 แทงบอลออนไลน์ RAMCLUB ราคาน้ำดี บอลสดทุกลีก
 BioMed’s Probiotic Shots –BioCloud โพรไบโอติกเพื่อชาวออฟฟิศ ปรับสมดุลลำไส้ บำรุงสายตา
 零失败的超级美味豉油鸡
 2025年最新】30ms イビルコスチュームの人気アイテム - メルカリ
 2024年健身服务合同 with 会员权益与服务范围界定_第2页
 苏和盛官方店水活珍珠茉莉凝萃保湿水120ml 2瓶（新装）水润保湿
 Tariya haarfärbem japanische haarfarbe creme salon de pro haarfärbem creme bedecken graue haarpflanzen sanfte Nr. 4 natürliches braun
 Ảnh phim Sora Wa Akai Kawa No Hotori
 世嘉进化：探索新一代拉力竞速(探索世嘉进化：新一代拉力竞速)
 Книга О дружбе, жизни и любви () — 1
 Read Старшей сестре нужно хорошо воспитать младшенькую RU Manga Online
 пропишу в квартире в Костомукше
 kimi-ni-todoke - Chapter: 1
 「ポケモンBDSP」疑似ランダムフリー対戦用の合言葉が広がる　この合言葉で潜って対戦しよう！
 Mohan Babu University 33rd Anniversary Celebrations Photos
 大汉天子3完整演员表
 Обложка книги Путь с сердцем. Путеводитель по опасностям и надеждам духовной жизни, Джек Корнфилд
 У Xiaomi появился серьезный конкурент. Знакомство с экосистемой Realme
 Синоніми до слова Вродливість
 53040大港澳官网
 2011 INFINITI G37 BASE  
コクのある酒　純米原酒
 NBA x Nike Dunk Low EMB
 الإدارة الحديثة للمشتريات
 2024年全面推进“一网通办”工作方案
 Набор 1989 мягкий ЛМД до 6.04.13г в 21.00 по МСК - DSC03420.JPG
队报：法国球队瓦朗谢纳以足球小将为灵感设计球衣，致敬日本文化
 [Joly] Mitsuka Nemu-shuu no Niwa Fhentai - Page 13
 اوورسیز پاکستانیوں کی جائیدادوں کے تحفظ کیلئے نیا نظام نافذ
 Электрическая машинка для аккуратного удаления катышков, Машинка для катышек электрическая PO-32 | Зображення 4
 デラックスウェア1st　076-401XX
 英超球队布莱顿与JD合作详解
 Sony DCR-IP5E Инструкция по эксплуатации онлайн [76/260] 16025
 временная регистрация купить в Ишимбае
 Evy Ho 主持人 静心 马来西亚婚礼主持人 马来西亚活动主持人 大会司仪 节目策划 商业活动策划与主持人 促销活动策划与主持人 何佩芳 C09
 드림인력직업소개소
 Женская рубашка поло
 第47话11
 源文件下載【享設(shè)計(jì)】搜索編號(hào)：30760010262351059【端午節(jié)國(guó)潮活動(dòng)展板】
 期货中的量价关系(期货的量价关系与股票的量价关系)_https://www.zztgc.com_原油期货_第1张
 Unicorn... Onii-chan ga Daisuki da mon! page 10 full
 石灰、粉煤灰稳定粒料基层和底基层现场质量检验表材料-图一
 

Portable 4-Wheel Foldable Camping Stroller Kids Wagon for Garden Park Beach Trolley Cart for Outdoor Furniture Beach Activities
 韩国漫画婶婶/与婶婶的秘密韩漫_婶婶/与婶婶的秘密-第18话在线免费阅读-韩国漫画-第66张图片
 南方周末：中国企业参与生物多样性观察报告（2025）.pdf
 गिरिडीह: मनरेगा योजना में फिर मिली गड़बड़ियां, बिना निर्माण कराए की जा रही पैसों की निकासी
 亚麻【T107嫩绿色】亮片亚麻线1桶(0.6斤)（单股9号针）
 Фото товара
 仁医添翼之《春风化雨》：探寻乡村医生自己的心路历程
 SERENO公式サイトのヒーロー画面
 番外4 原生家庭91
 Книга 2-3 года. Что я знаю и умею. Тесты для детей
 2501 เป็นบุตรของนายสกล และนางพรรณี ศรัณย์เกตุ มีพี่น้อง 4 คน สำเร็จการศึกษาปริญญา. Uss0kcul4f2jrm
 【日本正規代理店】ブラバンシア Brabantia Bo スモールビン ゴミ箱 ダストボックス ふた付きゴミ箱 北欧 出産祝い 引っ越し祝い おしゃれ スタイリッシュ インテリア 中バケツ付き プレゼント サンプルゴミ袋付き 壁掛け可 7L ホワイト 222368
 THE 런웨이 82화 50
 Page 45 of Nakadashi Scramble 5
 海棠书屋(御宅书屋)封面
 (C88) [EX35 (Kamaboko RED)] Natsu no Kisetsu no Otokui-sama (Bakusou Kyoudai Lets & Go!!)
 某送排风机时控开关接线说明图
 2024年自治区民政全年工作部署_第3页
========
**ACTIVITY:** Print the entries exactly.

**PROBLEM SOLUTION:**
 แทงบอลออนไลน์ RAMCLUB ราคาน้ำดี บอลสดทุกลีก
 BioMed’s Probiotic Shots –BioCloud โพรไบโอติกเพื่อชาวออฟฟิศ ปรับสมดุลลำไส้ บำรุงสายตา
 零失败的超级美味豉油鸡
 2025年最新】30ms イビルコスチュームの人気アイテム - メルカリ
 2024年健身服务合同 with 会员权益与服务范围界定_第2页
 苏和盛官方店水活珍珠茉莉凝萃保湿水120ml 2瓶（新装）水润保湿
 Tariya haarfärbem japanische haarfarbe creme salon de pro haarfärbem creme bedecken graue haarpflanzen sanfte Nr. 4 natürliches braun
 Ảnh phim Sora Wa Akai Kawa No Hotori
 世嘉进化：探索新一代拉力竞速(探索世嘉进化：新一代拉力竞速)
 Книга О дружбе, жизни и любви () — 1
 Read Старшей сестре нужно хорошо воспитать младшенькую RU Manga Online
 пропишу в квартире в Костомукше
 kimi-ni-todoke - Chapter: 1
 「ポケモンBDSP」疑似ランダムフリー対戦用の合言葉が広がる　この合言葉で潜って対戦しよう！
 Mohan Babu University 33rd Anniversary Celebrations Photos
 大汉天子3完整演员表
 Обложка книги Путь с сердцем. Путеводитель по опасностям и надеждам духовной жизни, Джек Корнфилд
 У Xiaomi появился серьезный конкурент. Знакомство с экосистемой Realme
 Синоніми до слова Вродливість
 53040大港澳官网
 2011 INFINITI G37 BASE  
コクのある酒　純米原酒
 NBA x Nike Dunk Low EMB
 الإدارة الحديثة للمشتريات
 2024年全面推进“一网通办”工作方案
 Набор 1989 мягкий ЛМД до 6.04.13г в 21.00 по МСК - DSC03420.JPG
队报：法国球队瓦朗谢纳以足球小将为灵感设计球衣，致敬日本文化
 [Joly] Mitsuka Nemu-shuu no Niwa Fhentai - Page 13
 اوورسیز پاکستانیوں کی جائیدادوں کے تحفظ کیلئے نیا نظام نافذ
 Электрическая машинка для аккуратного удаления катышков, Машинка для катышек электрическая PO-32 | Зображення 4
 デラックスウェア1st　076-401XX
 英超球队布莱顿与JD合作详解
 Sony DCR-IP5E Инструкция по эксплуатации онлайн [76/260] 16025
 временная регистрация купить в Ишимбае
 Evy Ho 主持人 静心 马来西亚婚礼主持人 马来西亚活动主持人 大会司仪 节目策划 商业活动策划与主持人 促销活动策划与主持人 何佩芳 C09
 드림인력직업소개소
 Женская рубашка поло
 第47话11
 源文件下載【享設(shè)計(jì)】搜索編號(hào)：30760010262351059【端午節(jié)國(guó)潮活動(dòng)展板】
 期货中的量价关系(期货的量价关系与股票的量价关系)_https://www.zztgc.com_原油期货_第1张
 Unicorn... Onii-chan ga Daisuki da mon! page 10 full
 石灰、粉煤灰稳定粒料基层和底基层现场质量检验表材料-图一
 

Portable 4-Wheel Foldable Camping Stroller Kids Wagon for Garden Park Beach Trolley Cart for Outdoor Furniture Beach Activities
 韩国漫画婶婶/与婶婶的秘密韩漫_婶婶/与婶婶的秘密-第18话在线免费阅读-韩国漫画-第66张图片
 南方周末：中国企业参与生物多样性观察报告（2025）.pdf
 गिरिडीह: मनरेगा योजना में फिर मिली गड़बड़ियां, बिना निर्माण कराए की जा रही पैसों की निकासी
 亚麻【T107嫩绿色】亮片亚麻线1桶(0.6斤)（单股9号针）
 Фото товара
 仁医添翼之《春风化雨》：探寻乡村医生自己的心路历程
 SERENO公式サイトのヒーロー画面
 番外4 原生家庭91
 Книга 2-3 года. Что я знаю и умею. Тесты для детей
 2501 เป็นบุตรของนายสกล และนางพรรณี ศรัณย์เกตุ มีพี่น้อง 4 คน สำเร็จการศึกษาปริญญา. Uss0kcul4f2jrm
 【日本正規代理店】ブラバンシア Brabantia Bo スモールビン ゴミ箱 ダストボックス ふた付きゴミ箱 北欧 出産祝い 引っ越し祝い おしゃれ スタイリッシュ インテリア 中バケツ付き プレゼント サンプルゴミ袋付き 壁掛け可 7L ホワイト 222368
 THE 런웨이 82화 50
 Page 45 of Nakadashi Scramble 5
 海棠书屋(御宅书屋)封面
 (C88) [EX35 (Kamaboko RED)] Natsu no Kisetsu no Otokui-sama (Bakusou Kyoudai Lets & Go!!)
 某送排风机时控开关接线说明图
 2024年自治区民政全年工作部署_第3页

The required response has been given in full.